You seemed confident before that the 'tit' was significant. Now I'm sensing doubt?

Previously you said...

Originally Posted by John Healy
All of the stock Triumph T140 cyclinders I have serviced over the years the cylinder head bolts in question were drilled to accept the "tit" on the four inside 3/8" bolts.

...I believe the stud pilot drillings would normally be deeper than the cut thread and not intentionally "drilled to accept the tit" as I am doubtful the short 'tit' is long enough to reach the bottom going by the previous drawing, also indicated by the examples of the BSA studs thoughtfully brought to my attention with long dog points, same as the two 5/16" studs that also have the Unified identifier at the upper end.

I do not, however, accept it can be "assumed" , that "...the fitters found they could put the head gasket on quicker if the tits were up.." as you said previously and I'm doubtful it would be any quicker.


Originally Posted by koan58
I do also wonder about what goes on at the bottom of the stud hole.
If a stud without a long tit is screwed to the bottom of the hole (assuming its thread is long enough to allow that), then as it reaches the tapered threads at the bottom of the hole it will also exert a spreading action on the material around it.

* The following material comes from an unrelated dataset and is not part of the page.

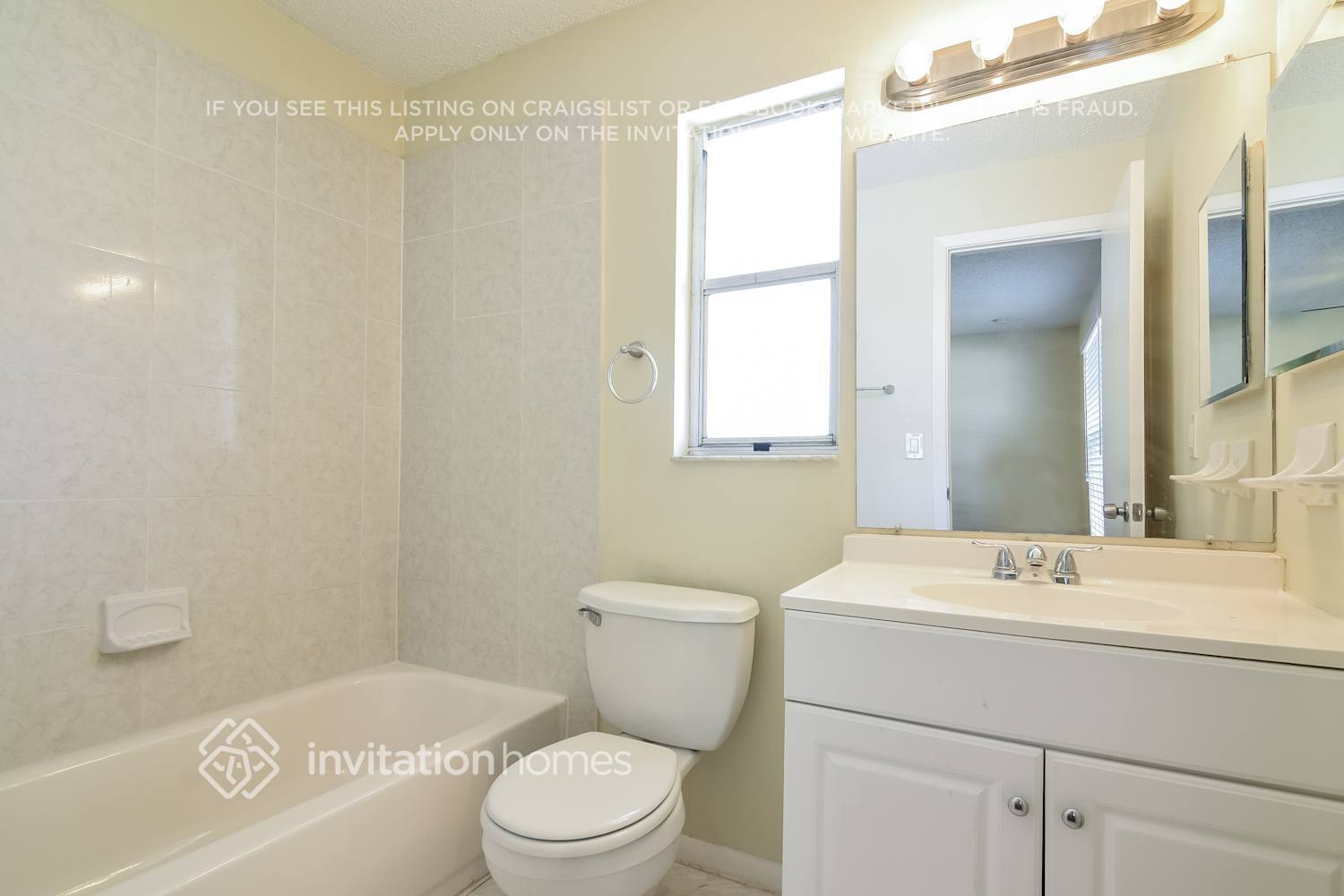 Building Photo - 7839 Putnam Cir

I suspect the tit is intended to prevent the bottoming of threads at the bottom of the hole, then the stud thread length ensures there is no problem with bottoming at the top of the barrel.

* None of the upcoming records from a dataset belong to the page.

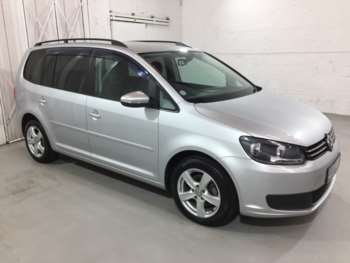 Used Volkswagen Touran 2011 for sale - 74805176: Photo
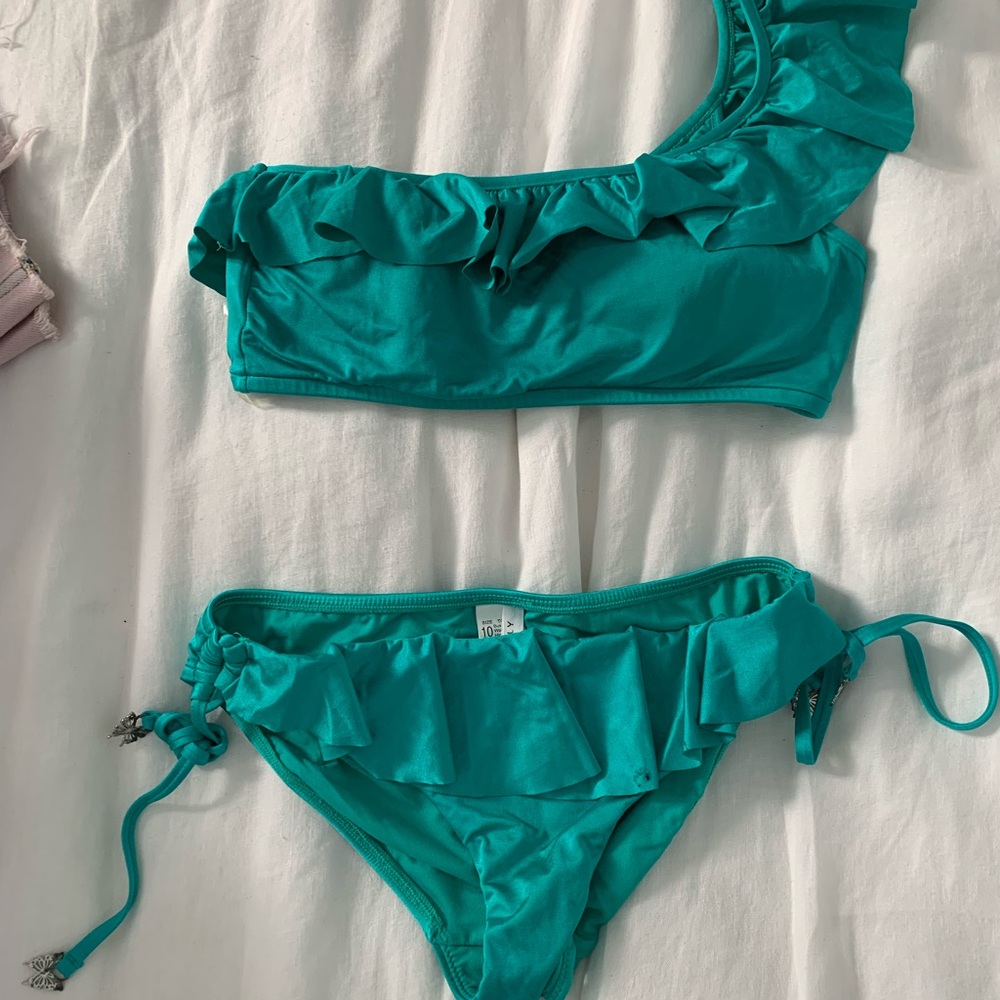 Stunning torquoise bikini set
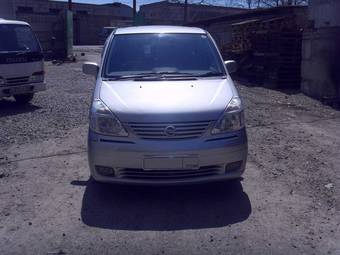 2002 Nissan Serena Photos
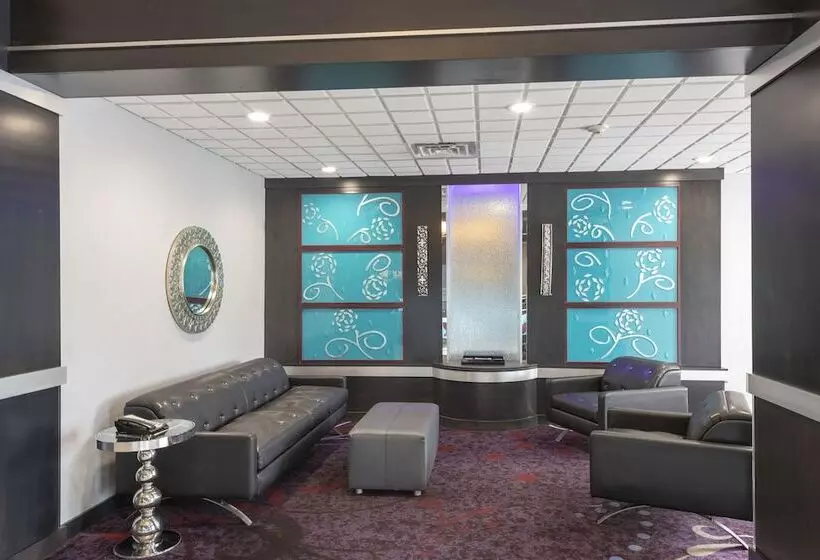 בית מלון כפרי Holiday Inn Express & Suites Columbus Polaris Parkway / Columbus, An Ihg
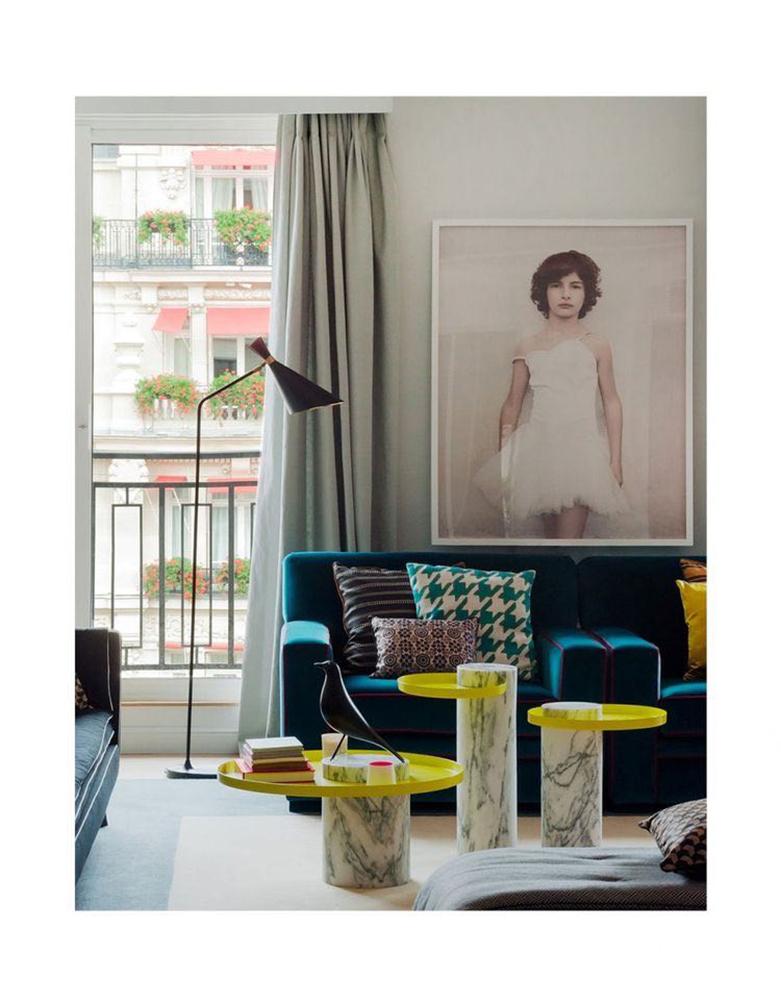 Salute Tisch 46hcm, weißer Marmor, Säulentablett, gelbes Tablett von La Chance (Französisch) im Angebot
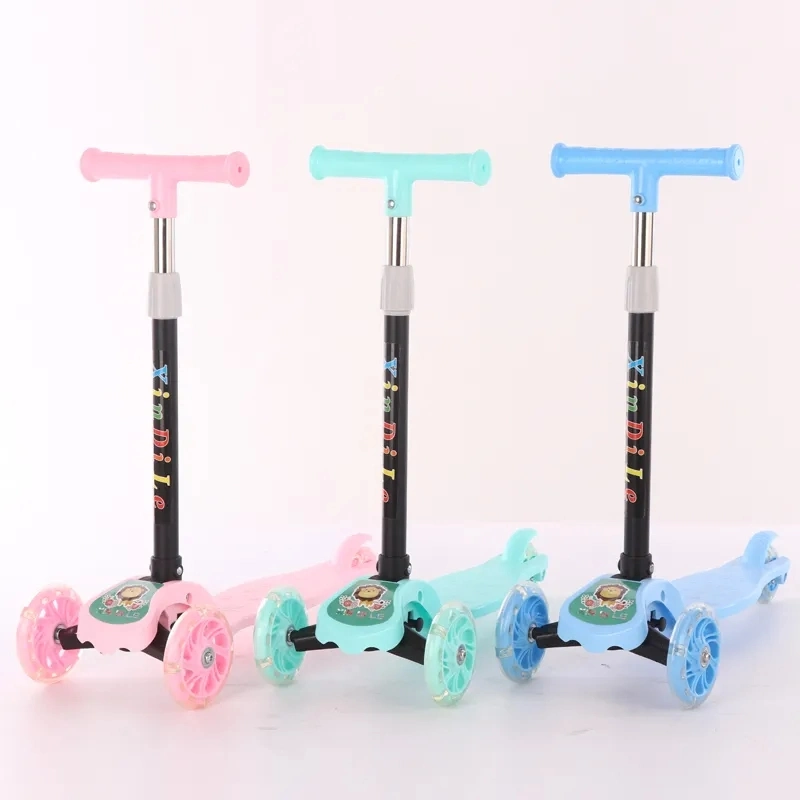 Hot Sales by Manufacturers New Design Folding Children Scooter Wholesale Cheap Pedal Bike Foot Three/Wheels Flash Kids Scooter in Stock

It is my understanding that is why the 5/16" studs have the long dog point at the lower end (but still has the 'tit' at the upper end) so the stud thread is prevented from being forced into of the unthreaded section at the base of the drilling thereby preventing the cylinder from bulging due to the 5/16" stud holes being extremely close to the cylinder walls, more so after a reboring.


Originally Posted by koan58
I can’t see any purpose to studs with long tit upwards at all (it is far longer than necessary for a lead in), though I fully appreciate LAB’s explanation of the small UN identifying reliefs (not tits).

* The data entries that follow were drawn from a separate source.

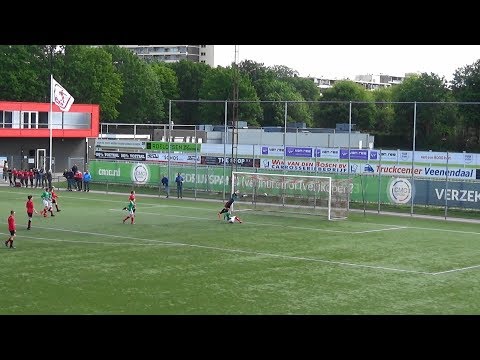 Tweede helft kampioenswedstrijd DOVO JO13-1 - AFC Quick 1890 JO13-1
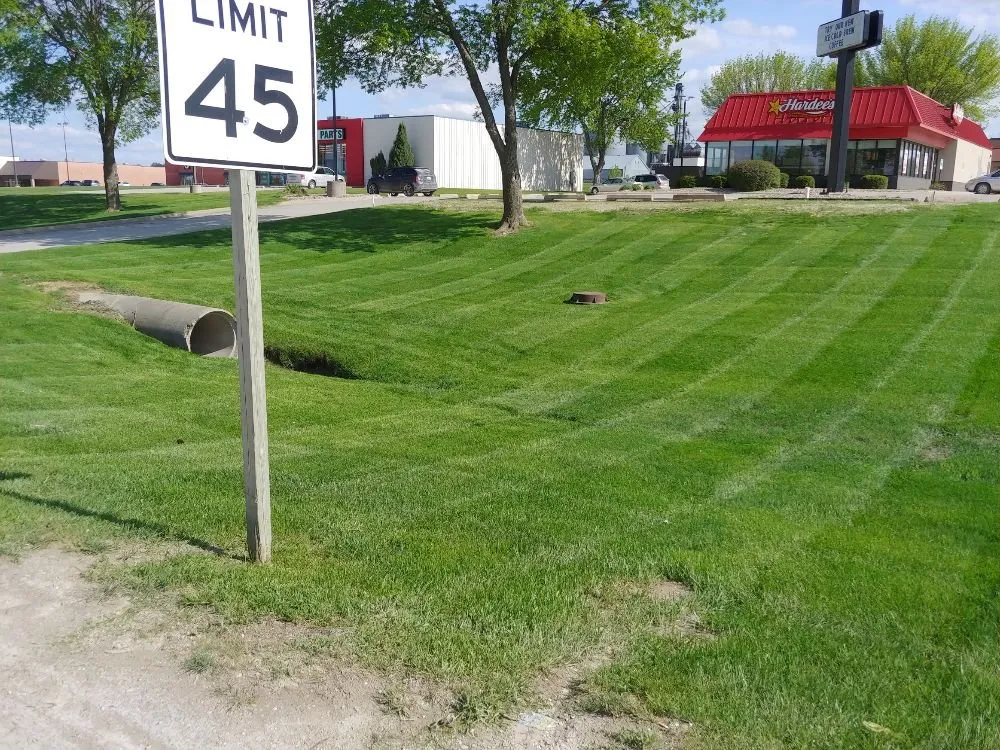 Professional landscaping services experts serving Des Moines, IA - GRASS GRABBERS Lawn & Landscape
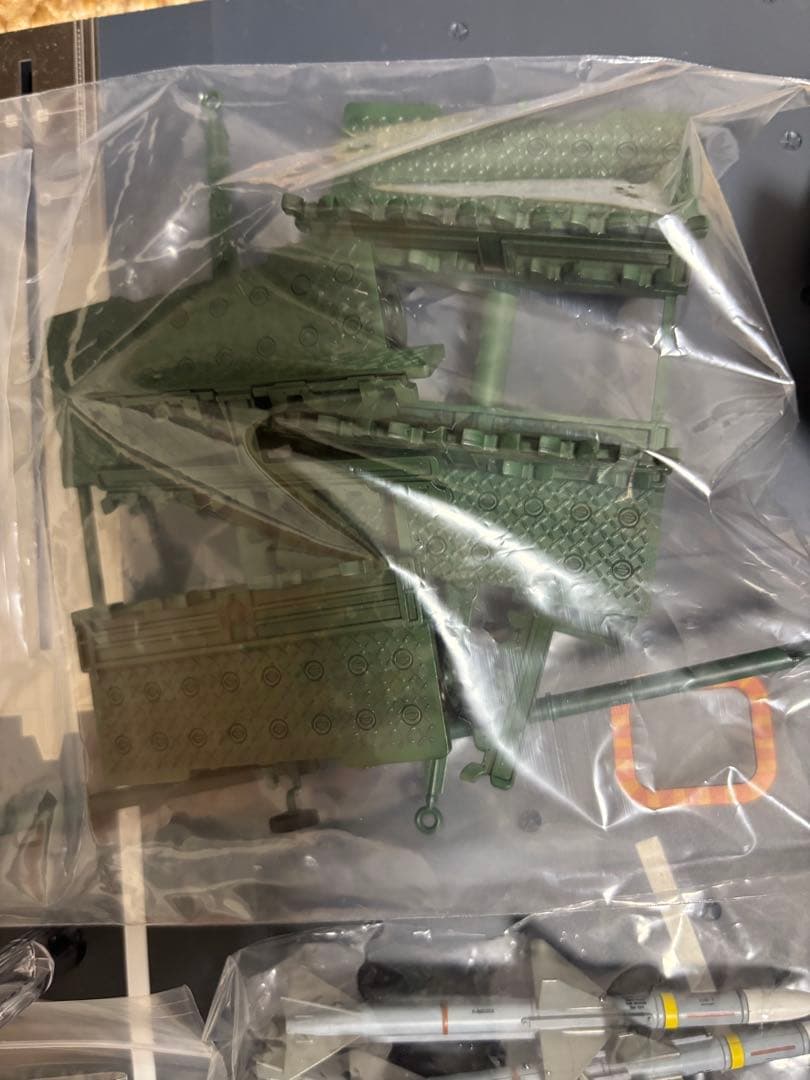 Hachette 1/32 F-14雄猫戦闘機 分冊組み立て合金模型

Only the 5/16" studs have the "long" dog point and I don't think there has been any uncertainty about which way up the 5/16" studs fit.

Originally Posted by koan58
I suspect the ball business derives from folk achieving the above conditions without inverting the studs, which probably works as long as there’s enough length left inside the headnut (with the tit inside it) for the rockerbox bolt.

The long threaded end must screw further into the barrel before it bottoms at the end of the thread resulting in less stud length above the barrel face that may or may not be significant but the ball bearings perhaps reduces the depth the studs screw into the barrels


Originally Posted by John Healy
I think JH’s explanation is the correct one.

Again, I have no argument with the fitting of the longer thread down only that the short 'tit' that up to now appeared to have been significant.